Eight players P:I, P2,. ..... P8 play a knock-out tournament. It is known that whenever the players Pi and Pj play; the player Pi will win if i < j. Assuming that the players are paired at random in each round, what is the probability that the player P4 reaches the final ?
Ms.Sue?? Steve sir?? Teachers??
How can player Pi win, if "i<j"?
See, it goes like this. Say for example P3 plays against P5 (i=3, j=5). So according to the question P3 will win because 3<5.
I am extremely sorry.

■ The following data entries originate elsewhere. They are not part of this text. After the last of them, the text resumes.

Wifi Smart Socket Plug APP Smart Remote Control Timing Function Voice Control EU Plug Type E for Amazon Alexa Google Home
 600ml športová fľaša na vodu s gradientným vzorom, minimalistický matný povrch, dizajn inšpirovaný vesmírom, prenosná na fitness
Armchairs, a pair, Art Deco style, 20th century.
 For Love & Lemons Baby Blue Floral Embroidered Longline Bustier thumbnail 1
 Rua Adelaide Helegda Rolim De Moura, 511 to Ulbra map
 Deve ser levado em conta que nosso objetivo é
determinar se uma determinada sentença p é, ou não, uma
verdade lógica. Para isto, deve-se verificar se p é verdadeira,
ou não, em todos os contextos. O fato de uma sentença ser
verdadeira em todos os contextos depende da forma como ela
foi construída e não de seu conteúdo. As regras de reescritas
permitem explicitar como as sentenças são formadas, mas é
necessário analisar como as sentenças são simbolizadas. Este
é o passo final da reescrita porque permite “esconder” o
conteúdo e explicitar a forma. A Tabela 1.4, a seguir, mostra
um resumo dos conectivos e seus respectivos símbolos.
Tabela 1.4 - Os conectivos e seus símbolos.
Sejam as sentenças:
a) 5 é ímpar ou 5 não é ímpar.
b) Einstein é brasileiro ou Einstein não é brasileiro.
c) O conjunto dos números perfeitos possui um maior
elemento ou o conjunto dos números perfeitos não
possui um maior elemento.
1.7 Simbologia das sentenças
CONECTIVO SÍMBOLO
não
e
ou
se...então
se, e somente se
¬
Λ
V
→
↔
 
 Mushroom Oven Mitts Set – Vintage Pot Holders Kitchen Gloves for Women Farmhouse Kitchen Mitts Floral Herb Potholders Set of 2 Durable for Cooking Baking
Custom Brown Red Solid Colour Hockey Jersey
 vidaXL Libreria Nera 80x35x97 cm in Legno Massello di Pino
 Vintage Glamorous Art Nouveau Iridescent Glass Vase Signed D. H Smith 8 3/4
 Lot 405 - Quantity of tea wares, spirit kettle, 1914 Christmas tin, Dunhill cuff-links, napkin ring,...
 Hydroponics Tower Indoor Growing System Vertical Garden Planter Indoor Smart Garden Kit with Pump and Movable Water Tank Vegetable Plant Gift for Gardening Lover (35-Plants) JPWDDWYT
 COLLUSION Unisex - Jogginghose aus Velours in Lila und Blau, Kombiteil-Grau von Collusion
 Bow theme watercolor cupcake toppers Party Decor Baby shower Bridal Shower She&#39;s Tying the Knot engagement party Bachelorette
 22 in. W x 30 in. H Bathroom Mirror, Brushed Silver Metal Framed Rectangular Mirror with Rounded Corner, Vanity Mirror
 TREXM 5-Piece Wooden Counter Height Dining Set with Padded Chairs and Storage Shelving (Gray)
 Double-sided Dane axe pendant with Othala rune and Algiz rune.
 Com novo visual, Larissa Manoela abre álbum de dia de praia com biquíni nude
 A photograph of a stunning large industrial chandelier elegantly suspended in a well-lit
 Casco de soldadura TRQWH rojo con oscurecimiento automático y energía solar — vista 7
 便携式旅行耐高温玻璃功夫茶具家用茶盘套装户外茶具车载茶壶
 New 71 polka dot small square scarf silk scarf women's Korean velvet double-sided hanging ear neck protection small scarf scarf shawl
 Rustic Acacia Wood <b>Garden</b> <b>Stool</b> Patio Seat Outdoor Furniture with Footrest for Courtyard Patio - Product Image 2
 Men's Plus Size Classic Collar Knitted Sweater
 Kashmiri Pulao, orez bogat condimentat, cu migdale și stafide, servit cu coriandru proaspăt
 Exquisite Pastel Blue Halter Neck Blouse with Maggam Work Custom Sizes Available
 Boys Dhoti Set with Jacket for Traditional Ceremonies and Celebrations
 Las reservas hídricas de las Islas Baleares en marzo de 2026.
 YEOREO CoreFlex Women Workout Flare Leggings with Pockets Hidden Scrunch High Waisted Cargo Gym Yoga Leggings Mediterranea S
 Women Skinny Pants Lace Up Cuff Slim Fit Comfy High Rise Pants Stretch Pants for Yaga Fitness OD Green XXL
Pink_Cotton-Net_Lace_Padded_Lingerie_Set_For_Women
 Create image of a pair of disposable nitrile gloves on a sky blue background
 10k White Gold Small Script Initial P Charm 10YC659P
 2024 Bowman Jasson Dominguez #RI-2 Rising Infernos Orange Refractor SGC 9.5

The question should have been as follows.
*Eight players P1,P2..,P8 play 3 sets of a knockout tournament....*
To find the probability that player P4 reaches the final in the knock-out tournament, we need to consider the possible outcomes in each round.
Let's analyze the rounds step by step:
1. Round 1:
- Player P4 needs to win their match to advance to the next round.
The probability of P4 winning in the first round is 1/2 since there are two equally likely outcomes (win or lose).
2. Round 2:
- P4 needs to win in the second round to advance to the next stage.
- In this round, P4 will be paired against one of the remaining 7 players: P1, P2, P3, P5, P6, P7, or P8.
The probability of winning the second round is 1/7 since there are seven equally likely outcomes (each potential opponent).
3. Round 3:
- P4 needs to win in the third round to reach the final.
- In this round, P4 will be paired against one of the remaining 3 players, determined by the outcome of the previous rounds.
The probability of winning the third round is 1/3 since there are three remaining players, and each outcome is equally likely.
4. Final:
- P4 has reached the final, so it does not matter who they play against.
The probability of reaching the final is 1.
To find the overall probability, we multiply the probabilities of each round:
(1/2) * (1/7) * (1/3) * 1 = 1/42
Therefore, the probability that player P4 reaches the final is 1/42.